### WORK TO BE COMPLETED
Starting at the first line of the data and ending at the line with "Try also our", copy each line exactly. Include both of those lines, but no pictures.

[Entries taken from a collection]
*-*-*

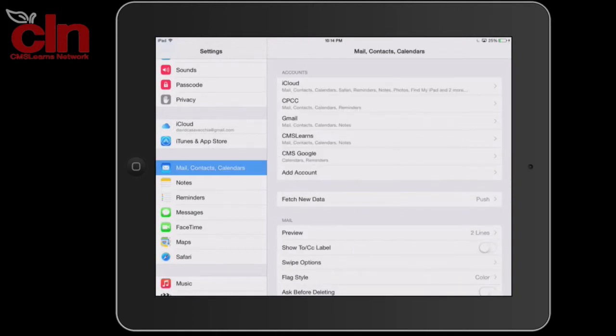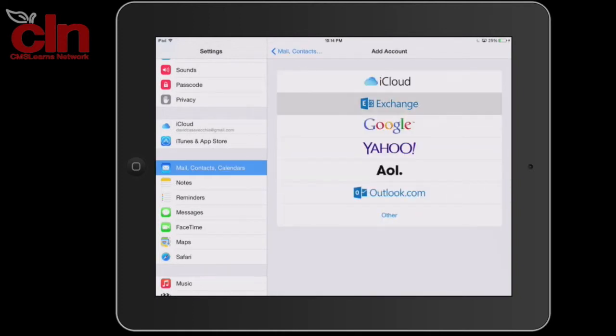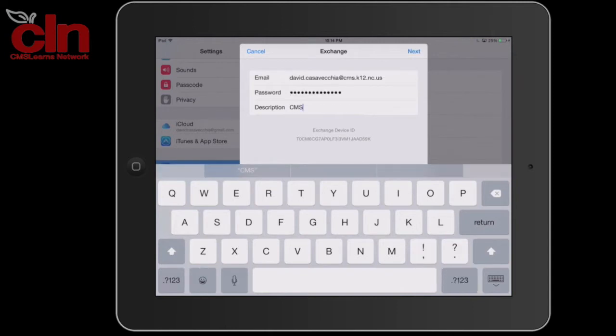Select Add Account and then select Exchange. You're then going to type in your CMS email address, password, and type in a description. Once you have everything typed in, go ahead and select Next.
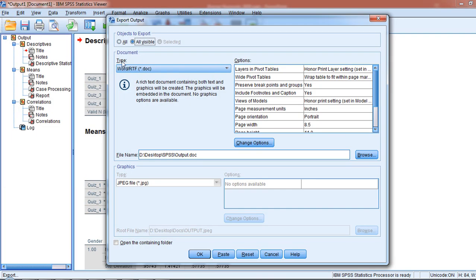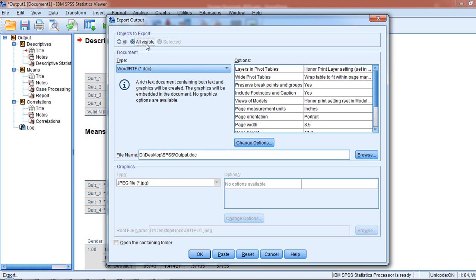Now I want to make sure under Type that Word is selected, and then I typically export all visible, which will export whatever I see on the screen. If there's anything hidden or behind the scenes, that will not be output into Word. If I select All, then hidden things will be included as well, but I just want the visible output. So I'm going to leave that default option selected.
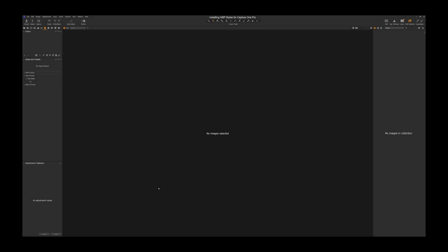Hello, Bill with CVP Studios here, and today we're going to talk about installing the NBP styles for Capture One Pro.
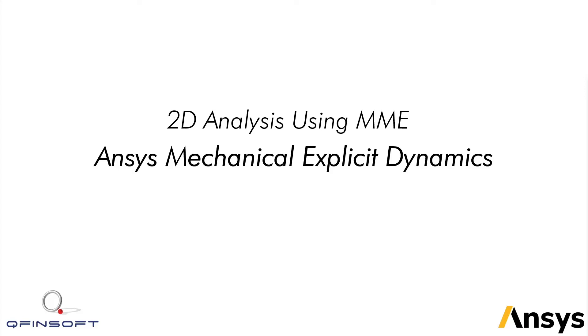Hello everyone, my name is Jean-Ree and I work for QFINSoft as an engineer. In the latest ANSYS release, 2022 R1,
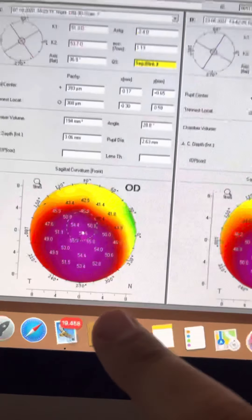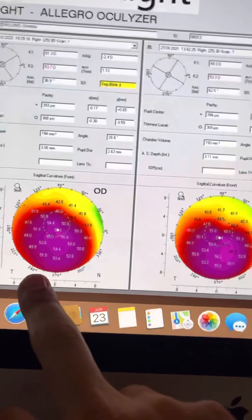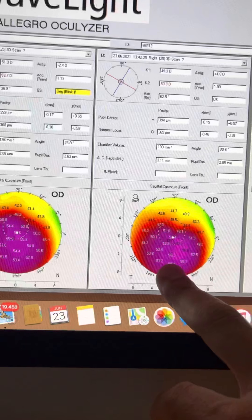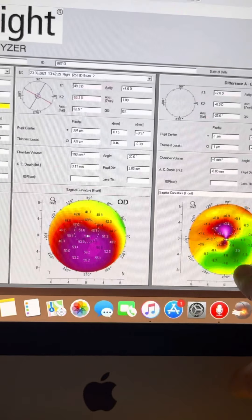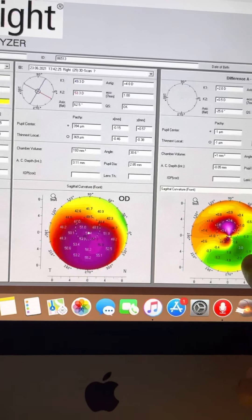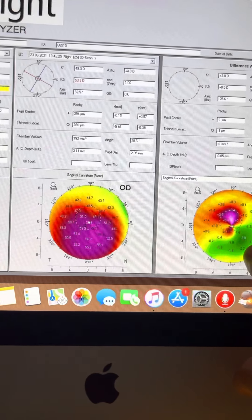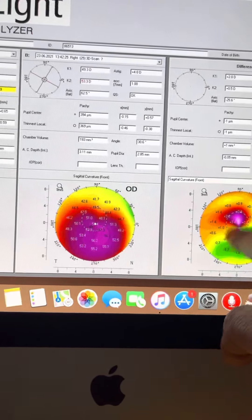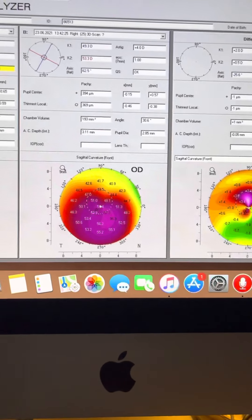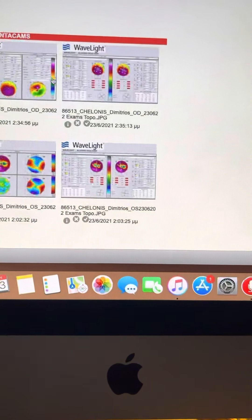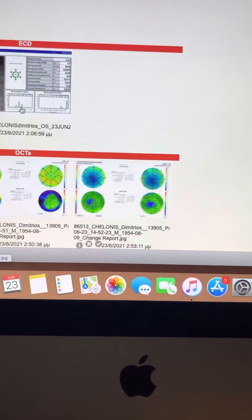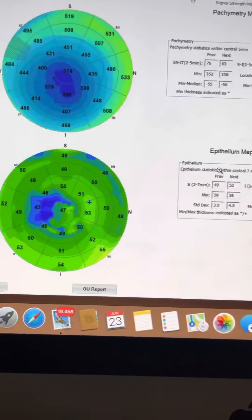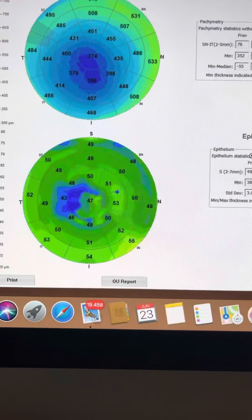So although on Pentacam there appears to be a significant worsening with three diopters of ectasia progression and more flattening superiorly, it is the anterior segment OCT that really reaffirms that there's no significant change in this patient.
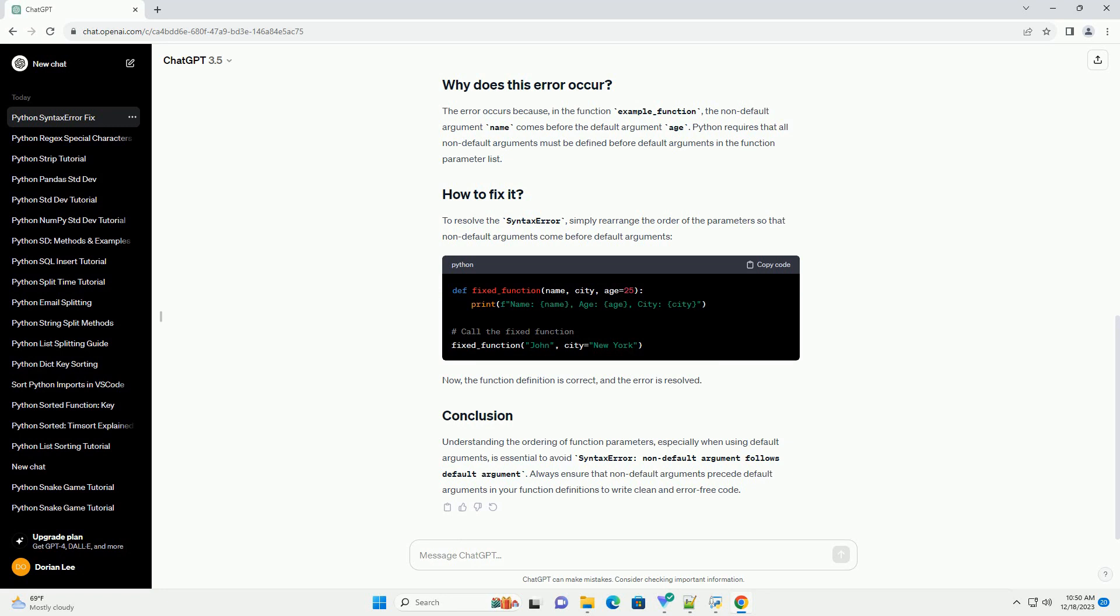Now, the function definition is correct and the error is resolved. Understanding the ordering of function parameters, especially when using default arguments, is essential to avoid syntax error non-default argument follows default argument. Always ensure that non-default arguments precede default arguments in your function definitions to write clean and error-free code.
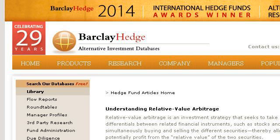Try also our second ranked site, www.barclayhedge.com, especially the page 'Hedge Fund Relative Value Arbitrage Strategy'. Here's the link.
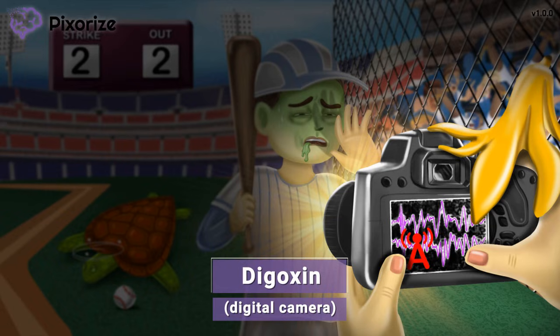Digoxin falls into the category of cardiac glycoside drugs. Digoxin works by increasing the strength of the heart's contractions while decreasing the heart rate, with the overall effect of making the heart pump blood more efficiently.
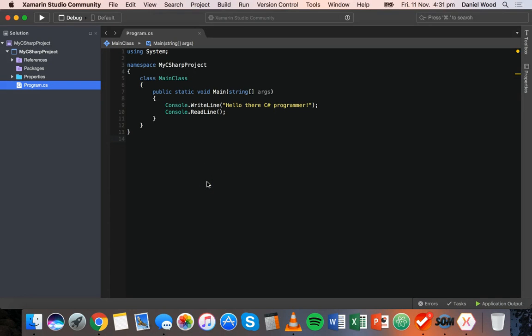Hi and welcome to the second video in the Coding in C# tutorial series. In this video we're going to look at variables, constants and types.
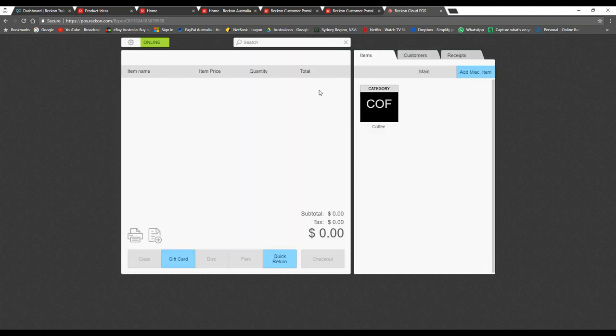Another question: how does the EFTPOS terminal communicate with Reckon Cloud POS? I want to reiterate that we don't directly integrate with any EFTPOS terminals. If you make a $10 transaction in Reckon Cloud POS, it won't automatically pre-fill your EFTPOS terminal with $10 — not yet at least. You capture the $10 sale in Reckon Cloud POS and then manually type $10 into the terminal to authenticate the payment. Another question: can images be used on the product selection panel? The answer is yes — you can use codes and colors or upload images.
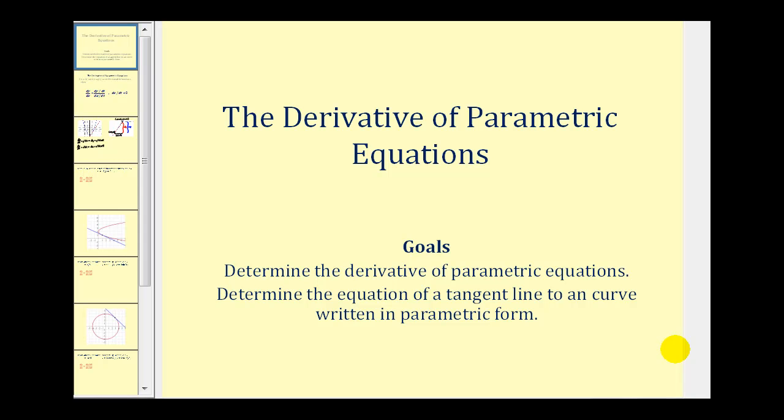Welcome to a video on the derivative of parametric equations. The goals of this video are to determine the derivative of parametric equations and also to determine the equation of a tangent line to a curve written in parametric form.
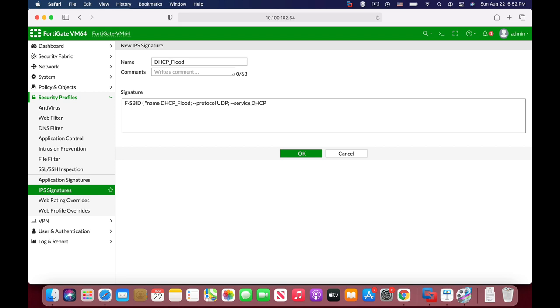Now the syntax itself is quite logical. You need the signature, you choose which protocol the IPS engine should look for, which service it should look for in our case is DHCP.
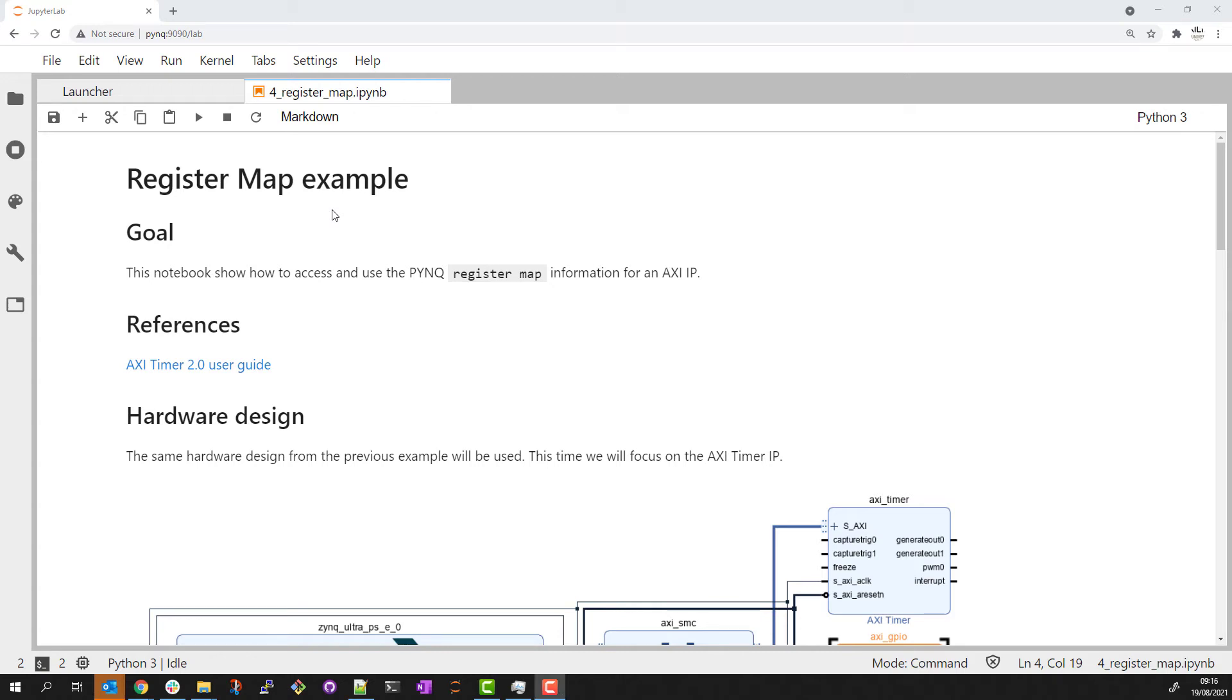This is another short example that will show how to access the register map information for an AXI IP and why this is useful when prototyping your PYNQ design.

*-*-*

### WRITTEN SOLUTION
Select Add Account and then select Exchange. You're then going to type in your CMS email address, password, and type in a description. Once you have everything typed in, go ahead and select Next.
Now I want to make sure under Type that Word is selected, and then I typically export all visible, which will export whatever I see on the screen. If there's anything hidden or behind the scenes, that will not be output into Word. If I select All, then hidden things will be included as well, but I just want the visible output. So I'm going to leave that default option selected.
Hello, Bill with CVP Studios here, and today we're going to talk about installing the NBP styles for Capture One Pro.
Hello everyone, my name is Jean-Ree and I work for QFINSoft as an engineer. In the latest ANSYS release, 2022 R1,
So although on Pentacam there appears to be a significant worsening with three diopters of ectasia progression and more flattening superiorly, it is the anterior segment OCT that really reaffirms that there's no significant change in this patient.
Now, the function definition is correct and the error is resolved. Understanding the ordering of function parameters, especially when using default arguments, is essential to avoid syntax error non-default argument follows default argument. Always ensure that non-default arguments precede default arguments in your function definitions to write clean and error-free code.
Try also our second ranked site, www.barclayhedge.com, especially the page 'Hedge Fund Relative Value Arbitrage Strategy'. Here's the link.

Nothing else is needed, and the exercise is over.